Taking this warning to head, we have also to take the Constituent Assembly's hope to heart:
The Judiciary was to be the arm of the social revolution, upholding the quality that Indians had longed for in colonial days......The courts were also idealised because, as guardians of the Constitution, they would be the expression of a new law created by Indians for Indians.
-Granville Austin, The Indian Constitution.

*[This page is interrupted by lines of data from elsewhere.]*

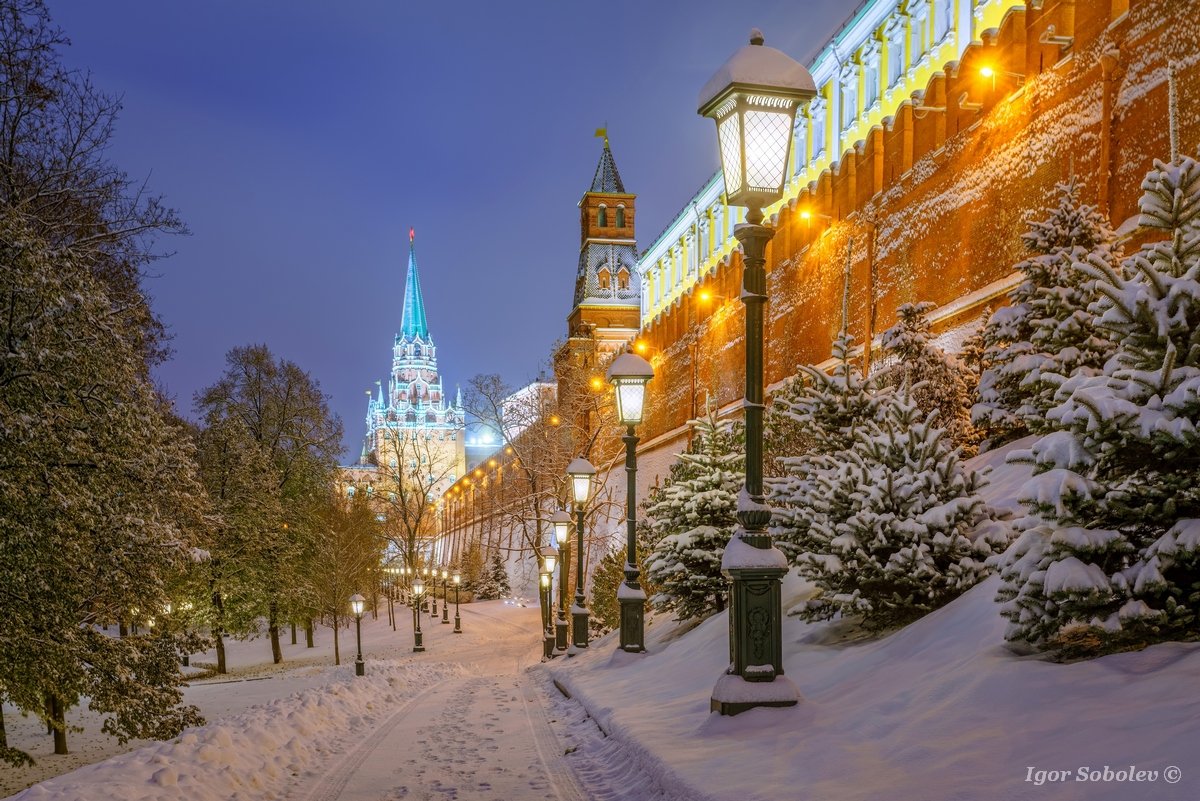 москва, кремль, зима, вечер, moscow, kremlin, winter, evening, Игорь Соболев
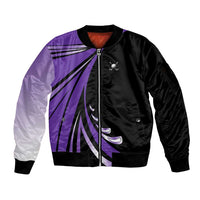 Personalized Purple Winged Golf Ball Sleeve Zip Bomber Jacket Bold Golf Graphic Design - Wonder Print Shop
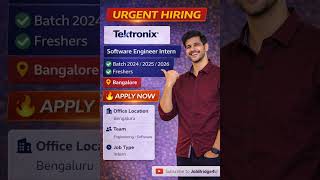 Tektronix Hiring Software Engineer Intern | Freshers Eligible | 2024-2026 Batch | Apply Now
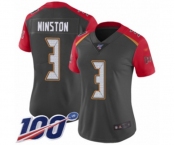 Women's Tampa Bay Buccaneers #3 Jameis Winston Limited Gray Inverted Legend 100th Season Football Jersey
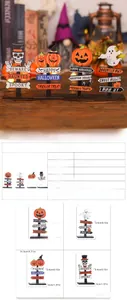Detailed view of Halloween wooden ornaments with pumpkin and skull UV printing designs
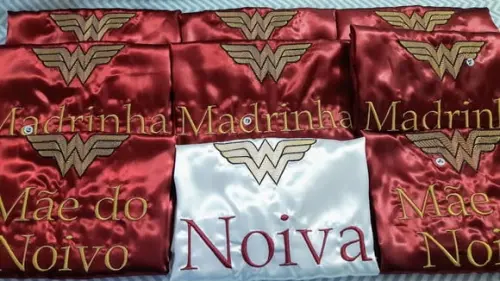 01 Robe cetim bordado noiva mãe debutante mulher maravilha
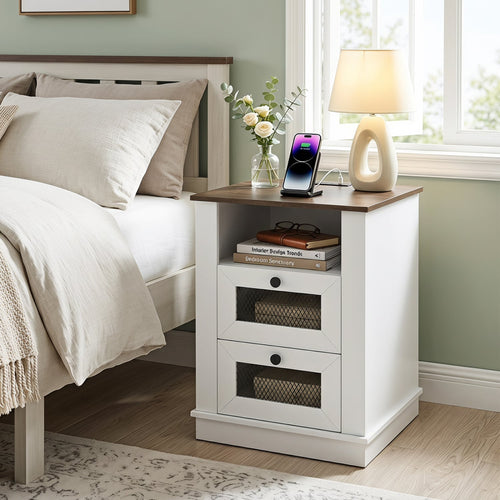 Nightstand with Charging Station, 2 Drawers, Rustic Brown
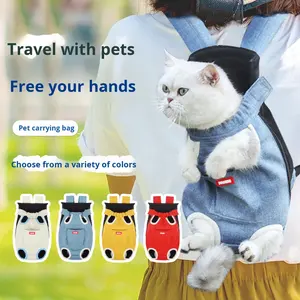 Taşınabilir Kanvas Evcil Hayvan Gezi Sırt Çantası, Çift Omuz Askıları, Nefes Alabilen Tasarım, Rahat Uyum, Kediler ve Köpekler için Açık Başlıklı - Product Image 1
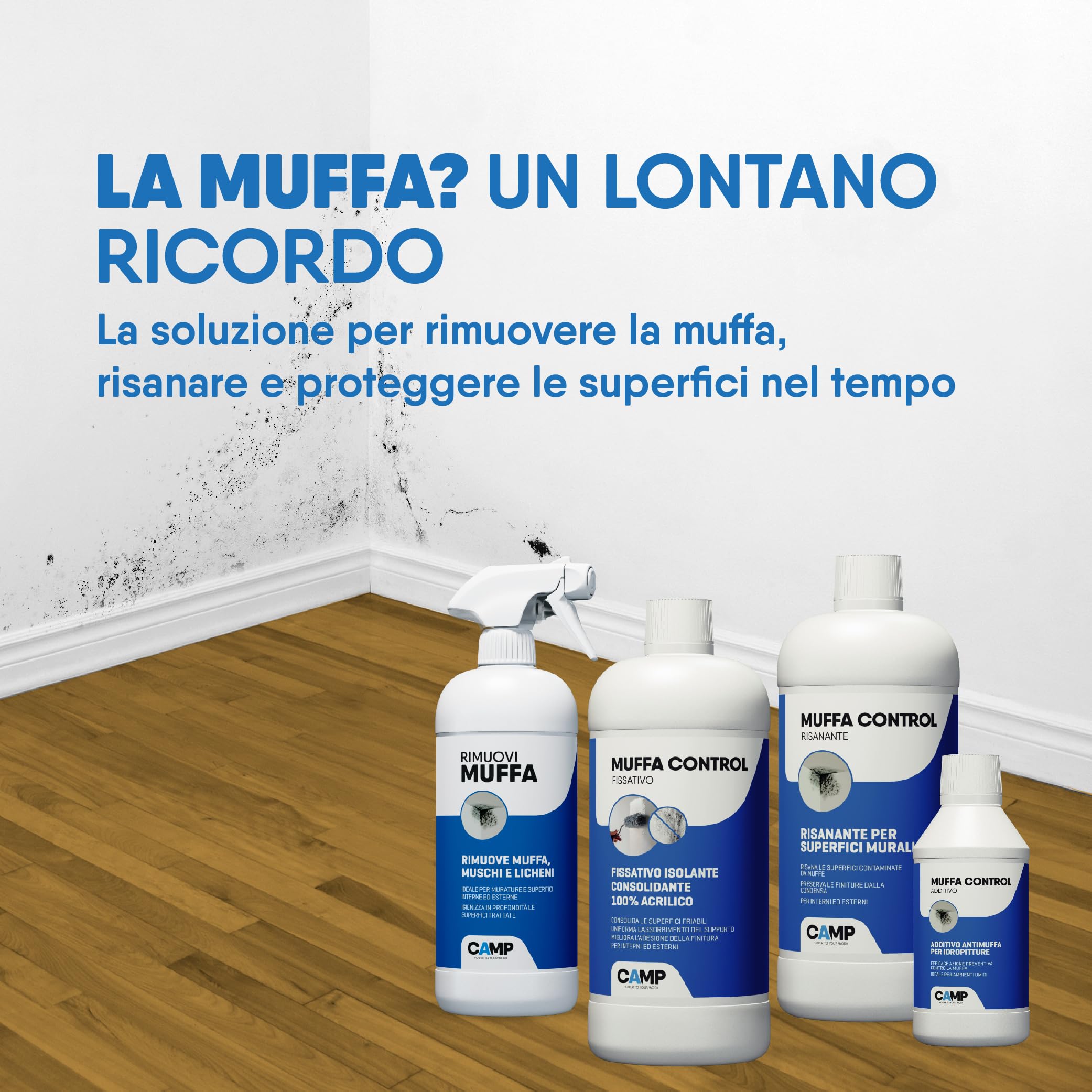 CAMP Trattamento Completo Rimuovi Muffa, 300 ml + Muffa Control Risanante, 1 L - Rimuove rapidamente muffe, muschi e licheni, Risana le superfici, Efficacia Duratura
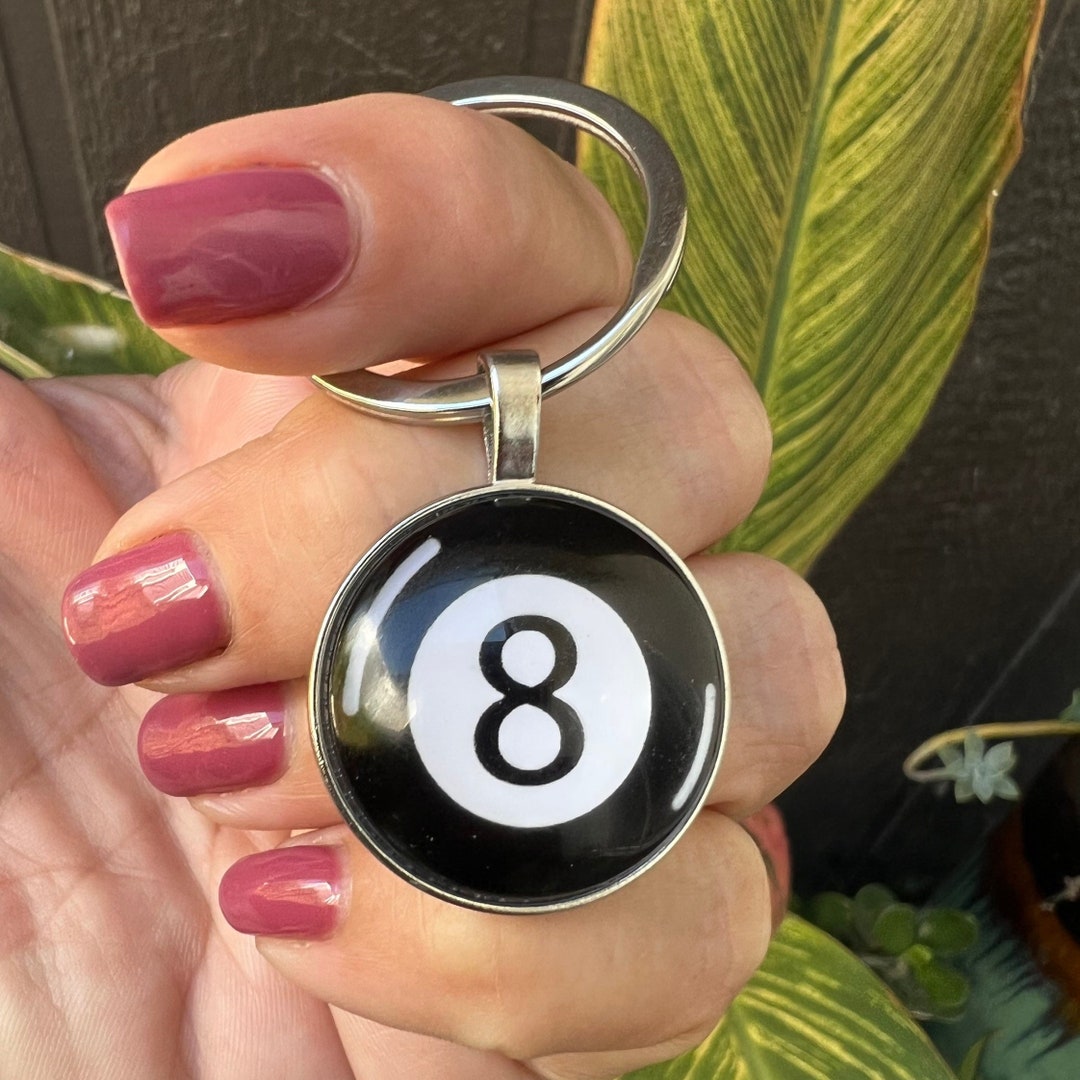8 Ball Keychain/ Pool Ball Keychain/ Eight Ball Keychain/ Etsy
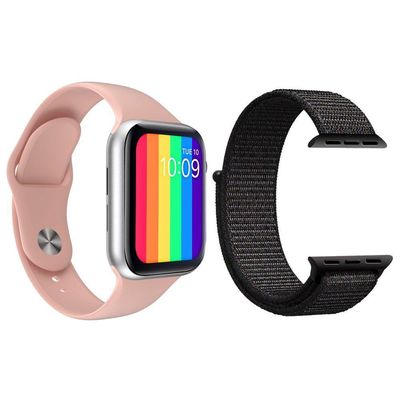 Kit 1 Relógio Smartwatch W26 Rosa + 1 Pulseira Nylon Preto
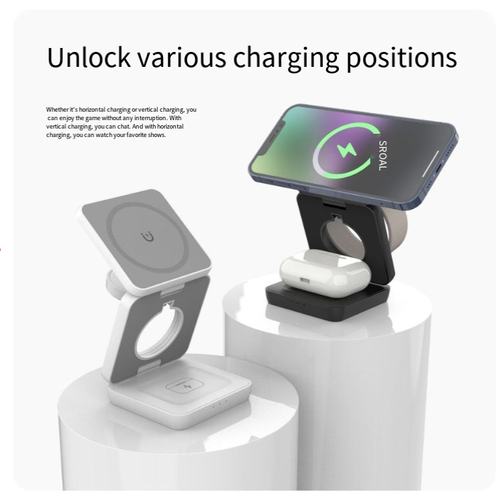 Este carregador sem fio magnético dobrável três em um possui carregamento magnético rápido preciso que se conecta com segurança.  É dobrável e portátil, e pode ser ajustado em vários ângulos para se adequar a vários cenários.  É compatível com vários dispositivos, como telefones celulares, fones de ouvido e relógios, proporcionando carregamento seguro e rápido.  É a solução de carregamento tudo-em-um para suas necessidades móveis de trabalho e viagens.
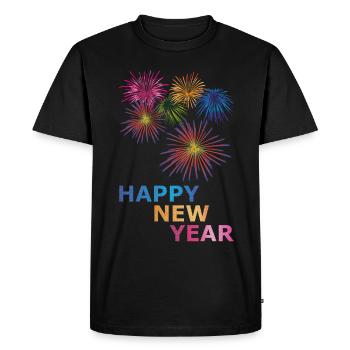 Bonne année bonne année - T-shirt Premium bio Homme - noir - Devant - Nico (187cm)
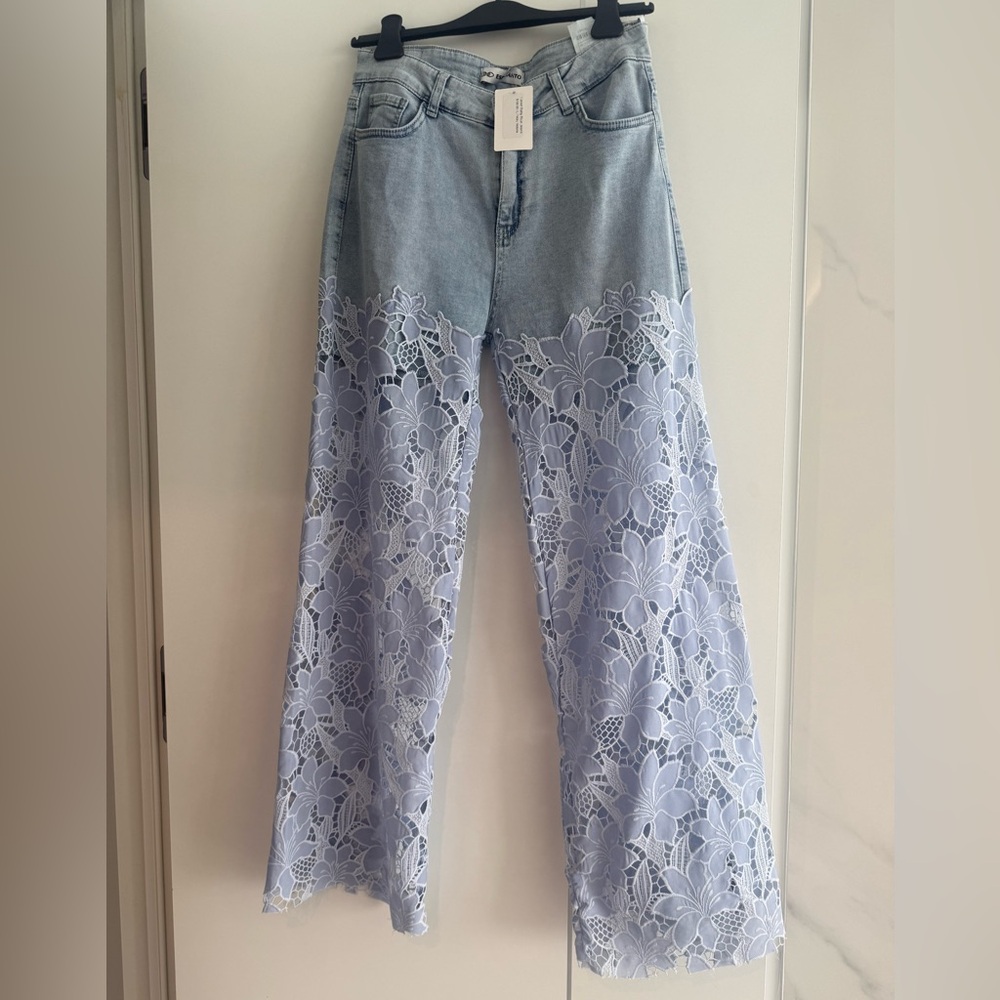 Laced Baby Blue Jeans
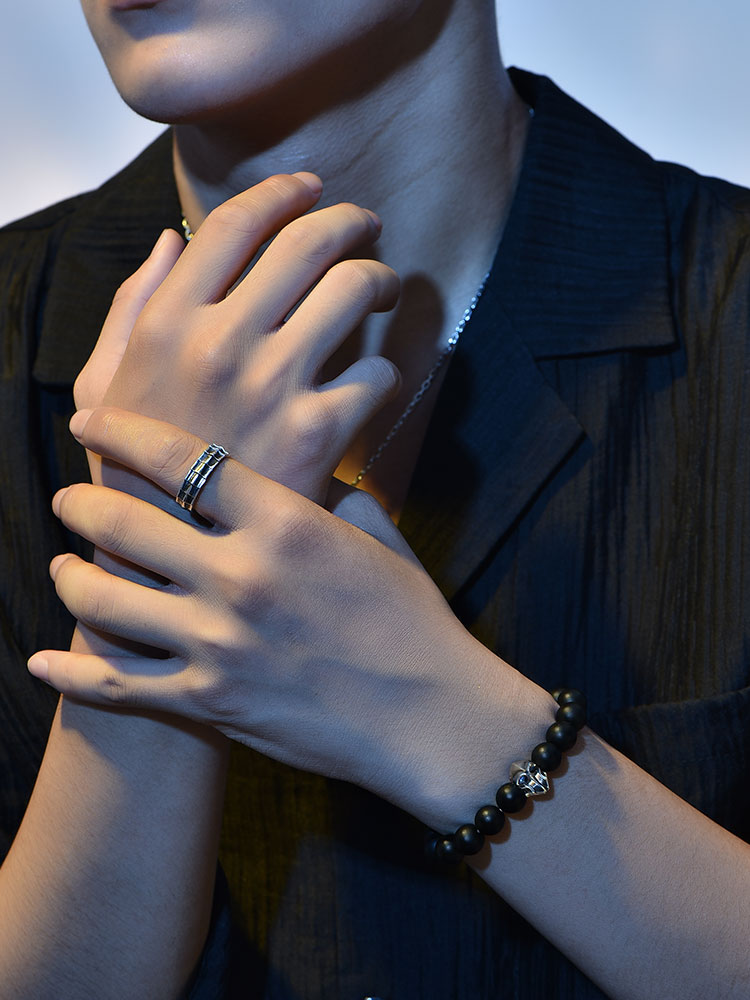 S925 Silver Spartan Skull Black Onyx Bracelet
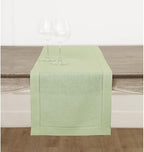Solino Home Linen Table Runner 60 Inches - 100% Pure Linen Sage Green Hemstitch Table Runner 14 x 60 Inch Ideal for Dresser and Coffee Tables - Fall, Autumn, Thanksgiving - Classic Hemstitch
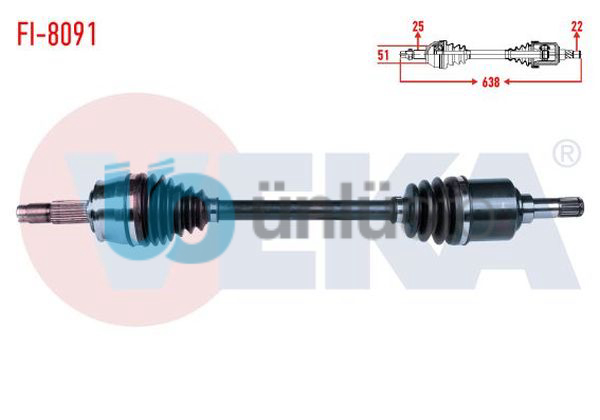 KOMPLE AKS SOL ON FIAT STILO (192) 1.6 16v M-T UZUNLUK 638mm 2001-2010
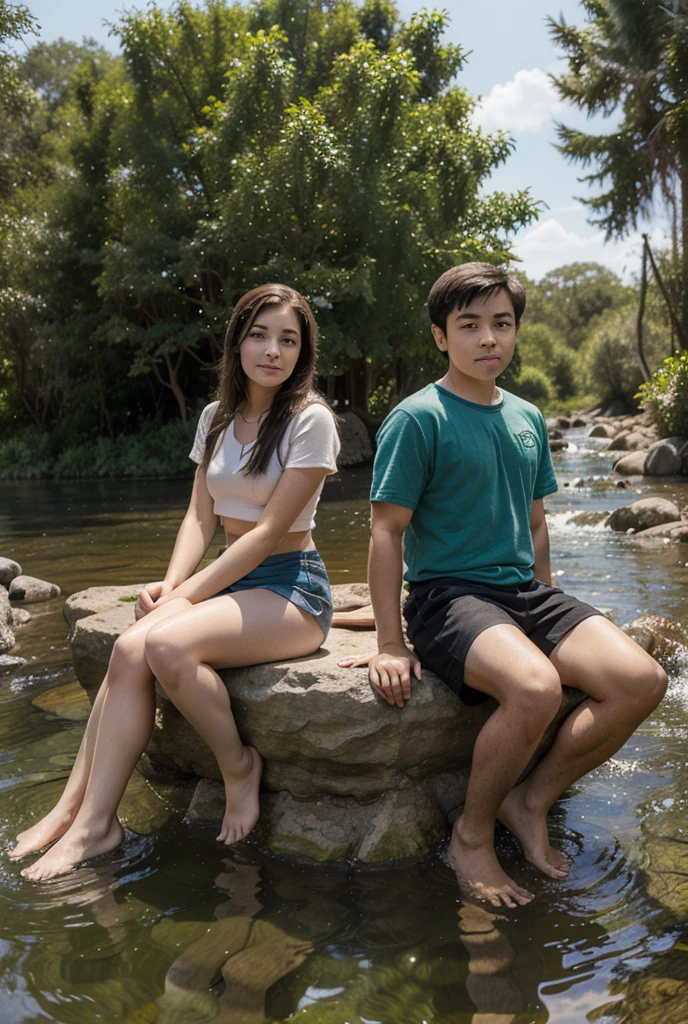 A boy and a girl are lying under a tree and the boy's head is on the girl's feet. There is a lot of greenery near them and there are parrots, birds, flowers, grass and water.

101. The Discovery of Law India by interpreting liberally to embrace the higher values of collective good and to curb, where necessary, individual property rights, is all that we have endeavoured to do. We have been cautioned by appellant's counsel that governments may usurp and destroy if judges do not cry halt. Where arbitrary, oppressive and mala fide misuse of power is a real peril, the court shall not fail. But to intervene and strike down, because a measure, within the constitutional bounds, may work hardship for some but is conceived for the good of the many in keeping with the planned process of Development, has a 'Tory' touch. Canonisation of laissez faire cannons by the Court is to move counter-clockwise. Lord Sankey held the view that in the field of constitutional Law, progressive and dynamic interpretation in the light of political developments must dominate (see: British Coal Corporation v. The King: 1935 AC 500. Lord Jowitt L.C. in Attorney General of Ontario v. Attorney Gen. of Canada 1947 AC 503 affirmed the same approach:
To such an organic statute the flexible interpretation must be given that changing circumstances require, arid it would be alien to the spirit with which the preamble to the Statute of Westminster is instinct, to concede anything less than the widest amplitude of power to the Dominion legislature under Section 101 of the British North America Act.
102. Legalism has to yield when spacious issues arise. 'Whatever the legal aspect of the thing, there are moments when it is a feeble need to rely on,' said Nehru, in the Constituent Assembly (I Constituent Assembly Debates, p. 61).
103. There is another stark possibility the Administration sliding back from the progressive constitutional values to protect private interests; and then the Court may be activate the 'welfare jurisprudence' of the Constitution by appropriate commands.